Tom LydonOct 01, 2020
2020-10-01

Domestic large-cap equities are likely to remain in style for the foreseeable future. Investors looking to apply factors to the recipe can ease the burden and eschew factor timing with the Principal U.S. Large-Cap Multi-Factor Core Index ETF (PLC ).

Just over a year old, PLC is designed to provide broad index-aware U.S. large cap equity exposure while incorporating a multi-factor model and modified weighting process to potentially enhance the risk/return profile. The multi-factor model seeks to identify equity securities of companies in the Nasdaq US Large Cap IndexSM that exhibit potential for high degrees of sustainable shareholder yield (value), pricing power (quality growth), and strong momentum. The Fund’s objective is to track the Nasdaq US Large Cap Select Leaders Core IndexSM.

Individual factors produced uneven returns during different periods or exhibited more cyclical returns. For example, quality and momentum may have outperformed in 2017, but the two factors were also the worst performers in 2016. As a result, investors may want a multi-factor approach, like PLC, as opposed to trying to time single factors. Investors, though, can still tactically over- or underweight single factors to express a market view over the short-term as well.

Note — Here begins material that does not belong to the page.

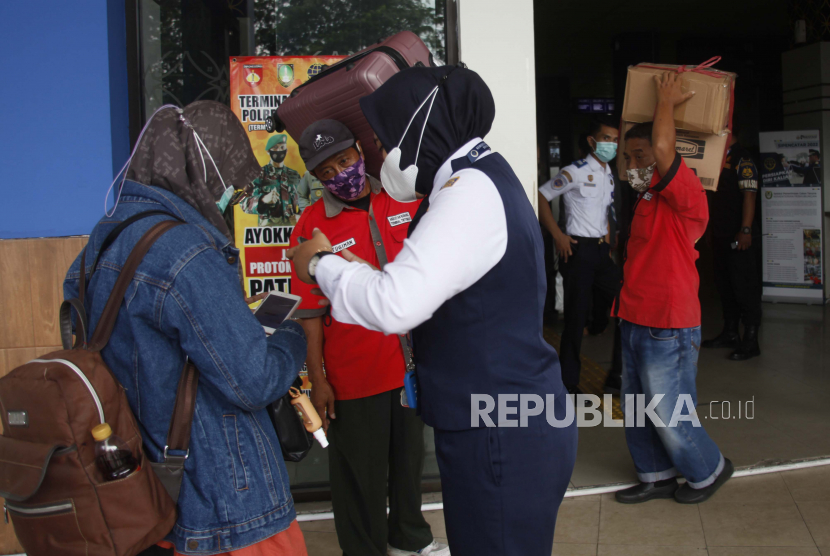 Petugas memeriksa sertifikat vaksin COVID-19 dan membagikan masker bagi penumpang yang tiba di Terminal Tirtonadi Solo, Jawa Tengah, Rabu (13/4/2022). BNPB memantau prokes para pemudik di setiap pos pemantauan.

Fantastic Foundational Factors

Principal’s multi-factor Core ETFs, including PLC, are designed to serve as the foundation of an investor’s portfolio, complementing alpha-generating, high active share strategies. As a global asset manager with a heritage of factor investing expertise, Principal now offers a broader set of factor-based strategies to address a wider net of investment objectives and outcomes.

Additionally, PLC tilts more toward the growth factor than value, which is important today as the former continues topping the latter.

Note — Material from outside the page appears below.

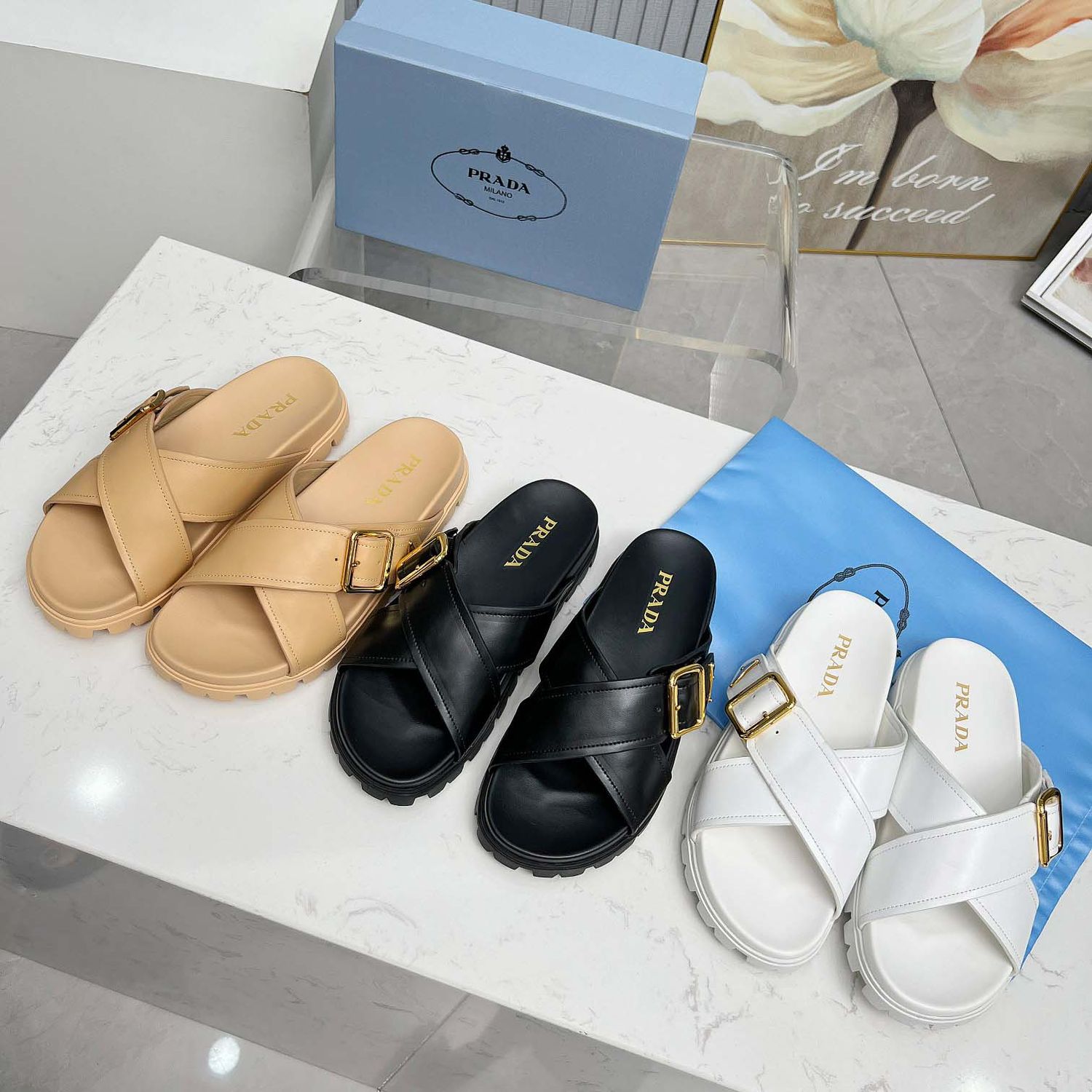PRADA leather strap slide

Investors can still enhance their portfolios as the bull market extends with growth-oriented stocks that continue to perform despite the recent bouts of volatility.

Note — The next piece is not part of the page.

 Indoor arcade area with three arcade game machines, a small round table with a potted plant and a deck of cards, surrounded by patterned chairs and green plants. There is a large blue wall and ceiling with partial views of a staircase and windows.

Growth stocks are often associated with high-quality, prosperous companies whose earnings are expected to continue increasing at an above-average rate relative to the market. Growth stocks generally have high price-to-earnings (P/E) ratios and high price-to-book ratios. Still, data suggest the growth/value premium isn’t overly elevated relative to historical norms.

PLC holds 156 stocks with an average market capitalization of nearly $145 billion. The fund allocates nearly 31% of its weight to technology stocks, including Apple and Microsoft, and over a quarter of its combined weight to healthcare and communication services names.